*ACTION ITEM:*
All the data below needs to be retyped exactly as shown.

*EXERCISE DATA:*
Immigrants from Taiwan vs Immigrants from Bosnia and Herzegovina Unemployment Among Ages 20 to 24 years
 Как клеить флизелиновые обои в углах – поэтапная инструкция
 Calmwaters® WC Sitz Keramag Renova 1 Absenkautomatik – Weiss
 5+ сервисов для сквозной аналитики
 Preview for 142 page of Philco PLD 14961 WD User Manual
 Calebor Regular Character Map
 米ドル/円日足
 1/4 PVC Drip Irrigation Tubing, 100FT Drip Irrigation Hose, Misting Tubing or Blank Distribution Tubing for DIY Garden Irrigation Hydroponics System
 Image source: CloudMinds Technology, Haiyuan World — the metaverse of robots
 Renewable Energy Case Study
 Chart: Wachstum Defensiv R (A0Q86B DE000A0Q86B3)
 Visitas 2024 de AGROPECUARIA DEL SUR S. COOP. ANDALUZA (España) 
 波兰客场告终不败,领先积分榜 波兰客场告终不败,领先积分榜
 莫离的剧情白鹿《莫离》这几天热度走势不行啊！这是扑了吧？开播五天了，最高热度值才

*EXERCISE RESULT:*
Immigrants from Taiwan vs Immigrants from Bosnia and Herzegovina Unemployment Among Ages 20 to 24 years
 Как клеить флизелиновые обои в углах – поэтапная инструкция
 Calmwaters® WC Sitz Keramag Renova 1 Absenkautomatik – Weiss
 5+ сервисов для сквозной аналитики
 Preview for 142 page of Philco PLD 14961 WD User Manual
 Calebor Regular Character Map
 米ドル/円日足
 1/4 PVC Drip Irrigation Tubing, 100FT Drip Irrigation Hose, Misting Tubing or Blank Distribution Tubing for DIY Garden Irrigation Hydroponics System
 Image source: CloudMinds Technology, Haiyuan World — the metaverse of robots
 Renewable Energy Case Study
 Chart: Wachstum Defensiv R (A0Q86B DE000A0Q86B3)
 Visitas 2024 de AGROPECUARIA DEL SUR S. COOP. ANDALUZA (España) 
 波兰客场告终不败,领先积分榜 波兰客场告终不败,领先积分榜
 莫离的剧情白鹿《莫离》这几天热度走势不行啊！这是扑了吧？开播五天了，最高热度值才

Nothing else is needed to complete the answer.